Anxious to hear if anyone has checked your suggested source.

I would think Tony Summers would have known and checked.

He didn't. He relied totally on Lee Israel's book.

Are you familiar with the so-called "Spirgilio document," purportedly a survillance report on a tapped phone that ties Kilgallen, Monroe, UFO aliens and the plots to kill Castro?

Yes, and it's a fraud. Howard Rothberg, alive today in the Miami area, says he never told Kilgallen anything about UFO's. He only told her about Marilyn sleeping with Bobby.

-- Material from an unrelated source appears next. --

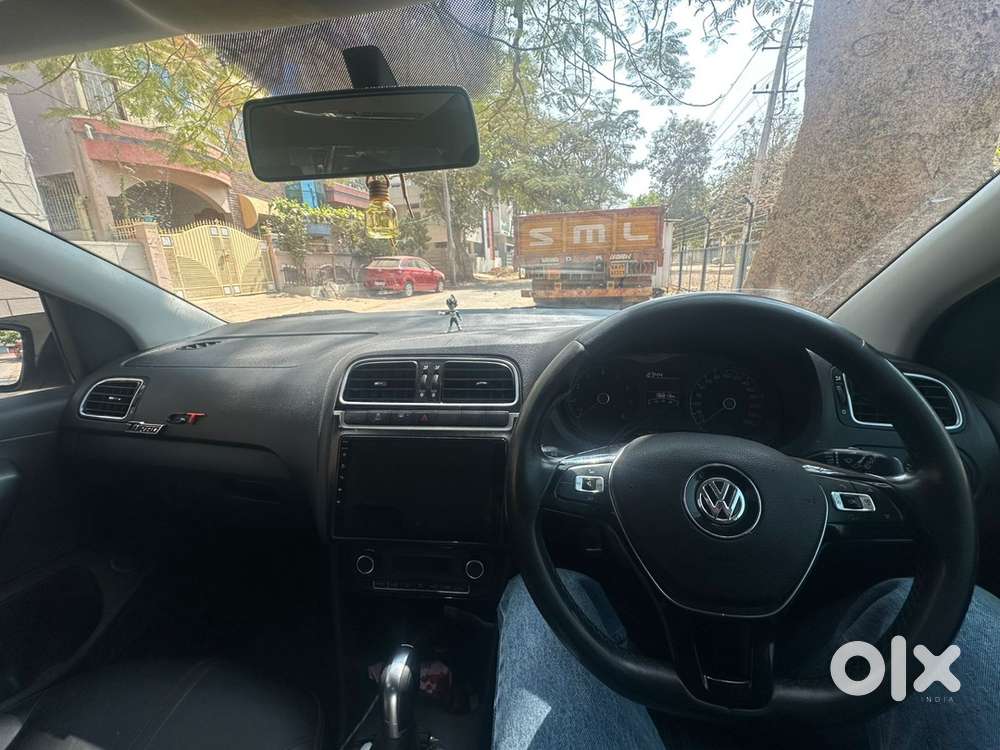 Volkswagen Polo 2020 Petrol Good Condition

Also just came across a curiosity - in checking out the basic backgrounds of those mentioned in the articles in the DMN Robert Howard posted on the D.H. Byrd thread, - among those who also hunted at the Barron's African safriland was Robert Ruark. A prolific adventure writer, adventurer and hunter, in doing a Google it appeared that at one point Dorothy Kilgallen fell asleep while reading one of Ruark's books.

Now I don't know what that means, other than Kilgallen didn't find Ruark's book very exciting,

Several people saw her lying dead holding Ruark's book "The Honey Badger" in her hand. The book was published posthumously. Kilgallen said in her newspaper column shortly before she died that the protagonist of the book dies in the end.

and it seems they all run in the same social circles. I just can't imagine Dorothy Kilgallen on a hunting expedition without an umbrella.